Items from a data source
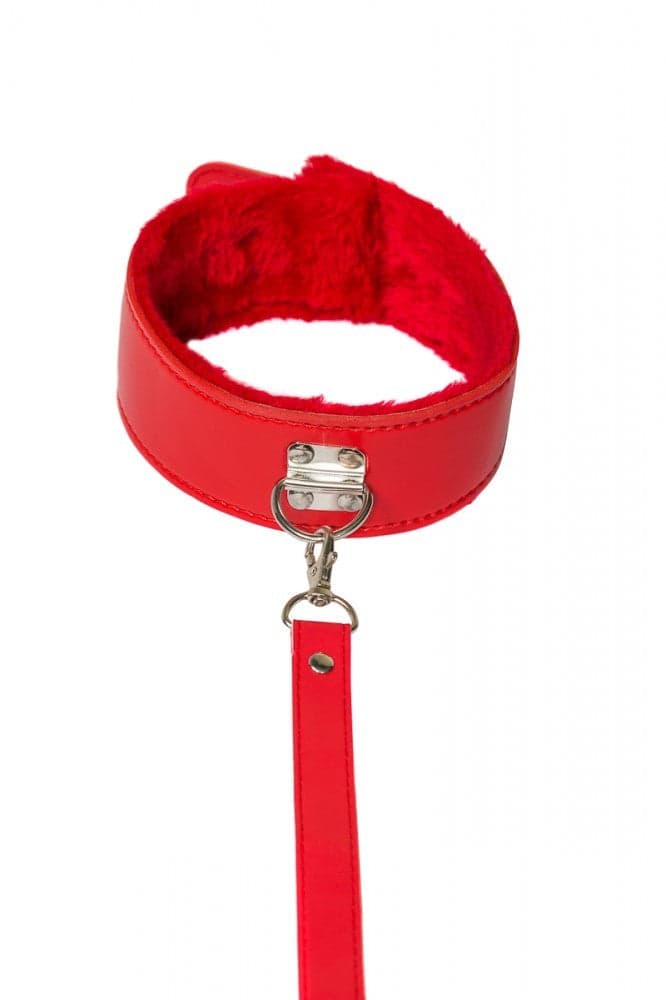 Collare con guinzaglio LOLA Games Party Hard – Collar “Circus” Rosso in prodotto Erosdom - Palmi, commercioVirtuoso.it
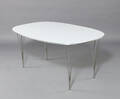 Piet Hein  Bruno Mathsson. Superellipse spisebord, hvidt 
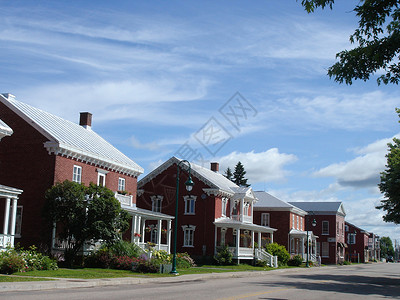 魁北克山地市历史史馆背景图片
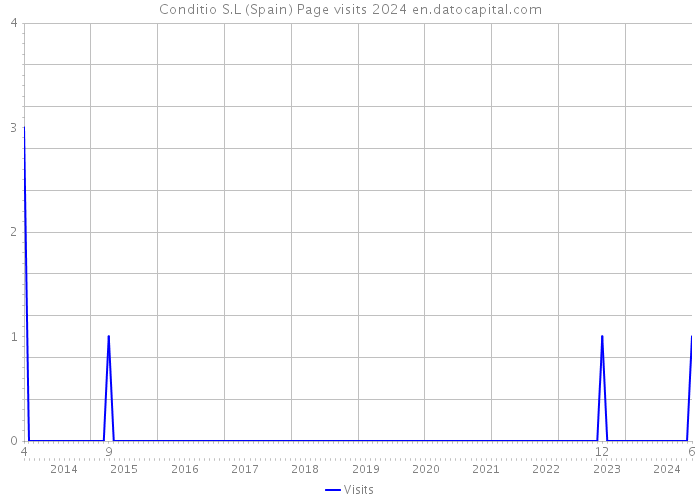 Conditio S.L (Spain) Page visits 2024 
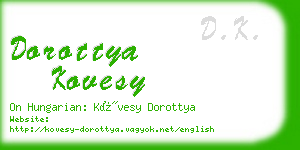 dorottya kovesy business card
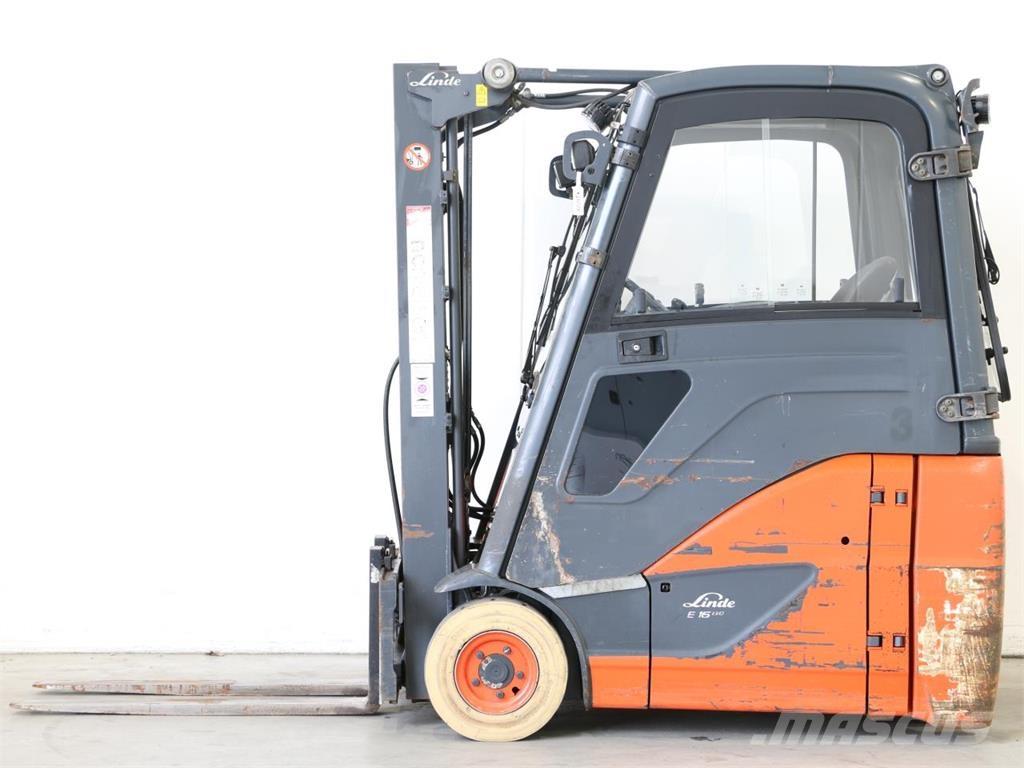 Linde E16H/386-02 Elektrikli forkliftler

■ **DIRECTIONS FOR THIS TASK**:
Hand back the data above exactly, leaving out all pictures.

■ **RESULT FOR THIS TASK**:
 Collare con guinzaglio LOLA Games Party Hard – Collar “Circus” Rosso in prodotto Erosdom - Palmi, commercioVirtuoso.it
 Piet Hein  Bruno Mathsson. Superellipse spisebord, hvidt 
 魁北克山地市历史史馆背景图片
 Conditio S.L (Spain) Page visits 2024 
 dorottya kovesy business card
 Linde E16H/386-02 Elektrikli forkliftler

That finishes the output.